Легендарный разведчик Лоуренс Аравийский, помимо прочего, зачем-то перевел «Одиссею» Гомера. Какой же уровень понимания и знания Античности должен был быть, чтобы это осуществить!
Подобный список специалистов по Античности, так или иначе связанных со спецслужбами Великобритании, можно было бы продолжить. И продолжить его можно было бы потому, что Британия, как во времена империи, так и сегодня, всегда хотела, во-первых, быть, а во-вторых, знать и понимать, а знать и понимать, для того чтобы управлять. А в представлении британской элиты, да, честно говоря, и любой элиты, претендующей на самостоятельность, эти две культурные составляющие, бытие и управление, всегда были связаны воедино.

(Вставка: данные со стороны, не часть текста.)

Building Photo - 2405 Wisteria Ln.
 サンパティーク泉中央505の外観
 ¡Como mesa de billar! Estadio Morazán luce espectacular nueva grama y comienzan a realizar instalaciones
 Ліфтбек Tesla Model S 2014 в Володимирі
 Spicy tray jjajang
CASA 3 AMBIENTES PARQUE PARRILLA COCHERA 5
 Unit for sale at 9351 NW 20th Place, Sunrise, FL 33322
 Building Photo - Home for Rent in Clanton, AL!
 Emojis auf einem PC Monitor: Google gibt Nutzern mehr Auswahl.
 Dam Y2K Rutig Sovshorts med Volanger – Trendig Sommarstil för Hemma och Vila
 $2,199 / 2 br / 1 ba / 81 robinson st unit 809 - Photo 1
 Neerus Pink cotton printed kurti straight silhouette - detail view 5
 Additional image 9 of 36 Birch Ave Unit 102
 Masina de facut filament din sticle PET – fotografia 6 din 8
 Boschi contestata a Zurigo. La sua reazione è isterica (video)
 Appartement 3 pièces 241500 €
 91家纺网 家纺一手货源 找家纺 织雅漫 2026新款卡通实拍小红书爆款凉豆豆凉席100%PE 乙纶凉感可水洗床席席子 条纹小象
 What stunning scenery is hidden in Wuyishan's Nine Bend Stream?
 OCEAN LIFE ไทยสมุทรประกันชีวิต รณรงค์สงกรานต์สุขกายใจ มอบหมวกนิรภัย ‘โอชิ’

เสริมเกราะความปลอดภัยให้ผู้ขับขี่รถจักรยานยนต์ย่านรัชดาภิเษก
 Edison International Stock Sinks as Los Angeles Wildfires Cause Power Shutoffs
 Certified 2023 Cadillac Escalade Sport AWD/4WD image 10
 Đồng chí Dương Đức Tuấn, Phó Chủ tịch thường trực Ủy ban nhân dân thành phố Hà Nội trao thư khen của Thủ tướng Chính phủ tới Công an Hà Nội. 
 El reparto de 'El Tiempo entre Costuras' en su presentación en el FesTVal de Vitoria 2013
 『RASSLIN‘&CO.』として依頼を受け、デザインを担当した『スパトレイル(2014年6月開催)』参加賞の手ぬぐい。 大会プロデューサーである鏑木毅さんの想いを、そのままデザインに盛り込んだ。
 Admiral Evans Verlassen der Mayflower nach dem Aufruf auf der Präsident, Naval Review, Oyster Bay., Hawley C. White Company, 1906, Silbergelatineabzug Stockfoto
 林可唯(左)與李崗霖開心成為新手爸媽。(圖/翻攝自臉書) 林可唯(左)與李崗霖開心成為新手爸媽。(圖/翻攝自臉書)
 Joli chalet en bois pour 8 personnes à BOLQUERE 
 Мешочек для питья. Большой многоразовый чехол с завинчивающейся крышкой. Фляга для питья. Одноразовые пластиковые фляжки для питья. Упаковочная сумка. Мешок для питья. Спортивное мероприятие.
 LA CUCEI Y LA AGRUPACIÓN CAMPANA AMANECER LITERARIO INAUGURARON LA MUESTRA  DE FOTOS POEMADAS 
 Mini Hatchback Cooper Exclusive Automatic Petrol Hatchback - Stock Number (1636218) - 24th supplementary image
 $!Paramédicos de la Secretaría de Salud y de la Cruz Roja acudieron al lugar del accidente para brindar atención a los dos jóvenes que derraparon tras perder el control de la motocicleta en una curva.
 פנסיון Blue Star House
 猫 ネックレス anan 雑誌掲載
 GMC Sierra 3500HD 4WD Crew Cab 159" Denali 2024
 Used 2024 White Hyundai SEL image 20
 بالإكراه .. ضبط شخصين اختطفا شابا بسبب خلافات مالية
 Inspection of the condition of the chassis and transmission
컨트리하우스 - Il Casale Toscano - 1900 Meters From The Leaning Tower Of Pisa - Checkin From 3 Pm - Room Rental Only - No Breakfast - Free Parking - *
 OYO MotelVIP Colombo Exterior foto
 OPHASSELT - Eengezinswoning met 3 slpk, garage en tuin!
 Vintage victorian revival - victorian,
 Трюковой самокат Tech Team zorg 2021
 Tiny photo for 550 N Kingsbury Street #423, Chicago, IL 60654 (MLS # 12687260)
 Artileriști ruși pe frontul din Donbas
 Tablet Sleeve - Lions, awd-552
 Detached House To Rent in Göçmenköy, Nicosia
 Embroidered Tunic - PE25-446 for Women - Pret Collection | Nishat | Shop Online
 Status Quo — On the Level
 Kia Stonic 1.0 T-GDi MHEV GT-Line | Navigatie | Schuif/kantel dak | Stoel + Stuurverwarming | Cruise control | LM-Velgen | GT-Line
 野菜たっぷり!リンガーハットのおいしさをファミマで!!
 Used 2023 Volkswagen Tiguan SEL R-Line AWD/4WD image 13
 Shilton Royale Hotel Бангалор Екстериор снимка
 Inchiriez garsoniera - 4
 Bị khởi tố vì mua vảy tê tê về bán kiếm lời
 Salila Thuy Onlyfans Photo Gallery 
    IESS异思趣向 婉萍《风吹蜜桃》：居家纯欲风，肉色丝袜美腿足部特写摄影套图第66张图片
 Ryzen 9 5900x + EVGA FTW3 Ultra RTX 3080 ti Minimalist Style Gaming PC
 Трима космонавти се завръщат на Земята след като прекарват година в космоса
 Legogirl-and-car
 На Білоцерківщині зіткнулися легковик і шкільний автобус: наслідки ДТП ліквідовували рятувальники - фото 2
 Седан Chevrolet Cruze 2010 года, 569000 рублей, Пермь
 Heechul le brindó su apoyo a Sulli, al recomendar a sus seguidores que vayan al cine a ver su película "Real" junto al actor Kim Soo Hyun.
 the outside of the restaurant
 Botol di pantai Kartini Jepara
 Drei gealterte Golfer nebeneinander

Кто-то может сказать, что Британская империя распалась гораздо раньше, чем СССР, и потому это плохой пример. На это я отвечу, что, во-первых, «еще не вечер», во-вторых, наличие самостоятельного бытия не гарантирует отсутствие поражений, в-третьих, тут можно было бы начать очень непростой разговор о том, что некоторые специалисты называют «скрытой империей», утверждая, что она просто ушла из легальной, открытой зоны и продолжила существовать. Кроме того, можно было бы обсудить роль Арнольда Тойнби в холодной войне против СССР. Да и сегодня Chatham House по-прежнему достаточно очевидно работает против России. В-четвертых же, в этой статье в мою задачу входило показать корреляцию между самостоятельностью общества и государства и их отношением к культуре. Что мне, надеюсь, уже удалось сделать.